This Swedish death metal band actually formed in 1990, split up in 1995 with some members playing in Blood Mortized from around 2007. Stroll onto 2010 and Malfeitor gets back together. Previous projects like Blood Mortized wanted to capture that sunlight studio sound, but I have to report that you should not expect a pure copycat of this sound from ‘Dum Morior Orior’. It is old school death, but of the more brutal kind, taking some riffing influences from the Florida sound (in the arrangements) and the cluster bomb approach of some Northern European bands. Yes, Rotten Death may feature mildly, but with the speed laden confusing arrangements, any groove or d-beat is lost in the overall mix. As I am listening to the CD, I realise I am now at track 3 and ‘When Last Breath Fades’, now that either means two things, it’s an album that is mastered well without breaks or its an album that doesn’t have an individual ounce of definition.
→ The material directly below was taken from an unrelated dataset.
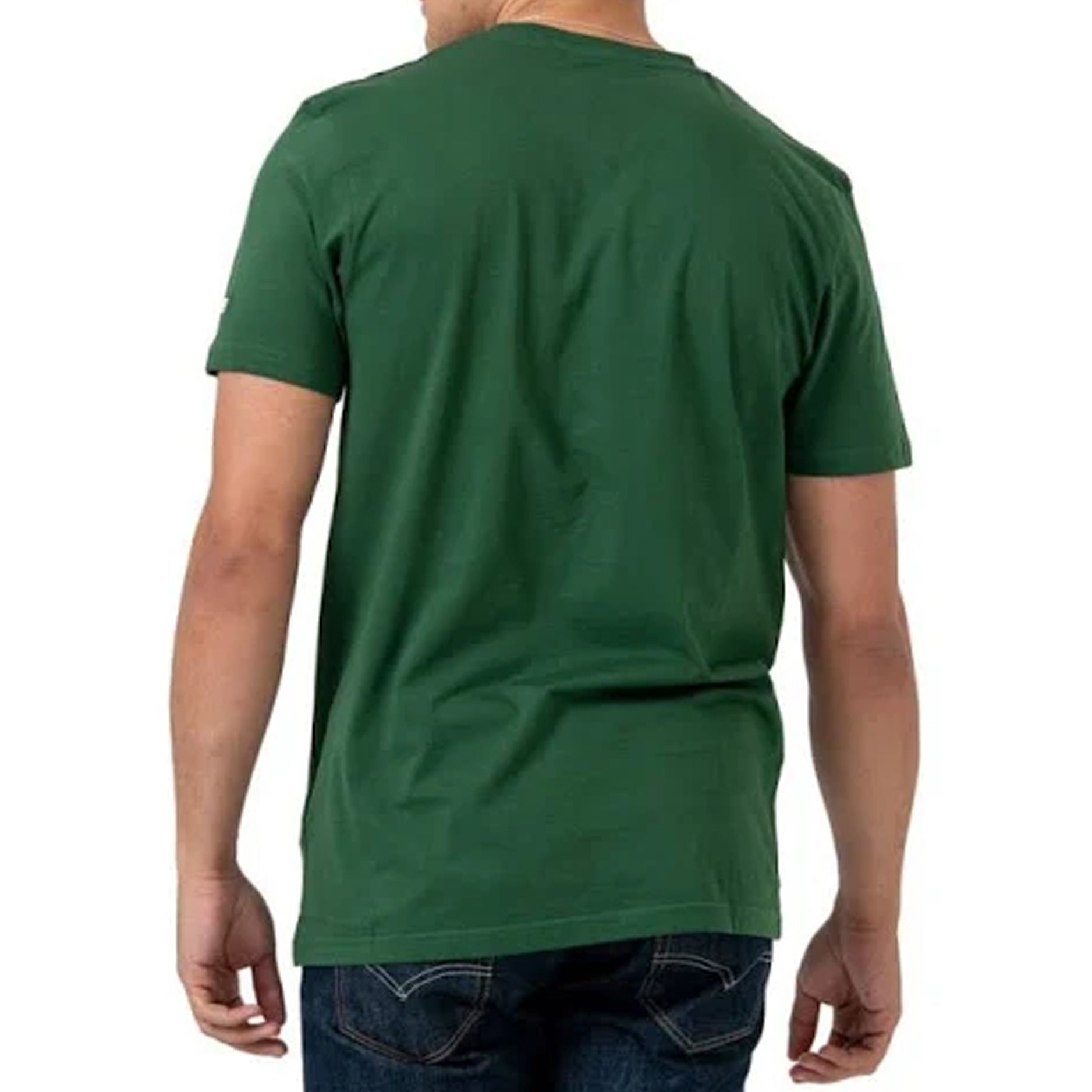New Era MLB Large LOGO Round Neck Short Sleeve Unisex Green 12147606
Unfortunately, it is the latter; it all merges into one, but to be fair, you have greater definition for the remainder of the album as it plays through its arsenal of deafening heaviness.
I love the artwork, very colourful; at least it’s not another rotten black and white cover, that’s the only redeeming feature after my first listen of the release. Subsequent plays on various sound systems reveal different interpretations, but I still have a confusing issue with the drums. The patterns are random, you don’t get to any groove armada, you don’t feel any connection, sadly the songs follow this same path in rapid succession, but only on the double time, the real fast stuff. Finally…there is something tasty to bite into…’To Hell, Farewell’ has the rotten Swedeath sound and even has d-beat groove that is a vital requirement of this genre, I say vital as I am really getting bored with the wall of sound cataclysm that overbears most of the recordings.
Musically, you can hear what the band are trying to do, the sinful result of this album is the mix, it is too busy, you don’t get much distinguishable passages of brutality, all you get is very similar sound brutal bludgeoning. When the groove is present, like in ‘Death, The Dead and Me’ and ‘Rolling with the Corpses’ the album works, it is the double-time fast stuff that really doesn’t work for me, it’s simply undecipherable due to the vocals being too loud and overbearing, as are the drums (I reiterate again – only on the faster parts). Had ‘Dum Morior Orior’ been mixed a little beefier, it would work, you can have and engineer clarity with utter city flattening brutality on any release and it’s sadly a missed opportunity for this musically talented trio of individuals, because at a slower pace, it really works.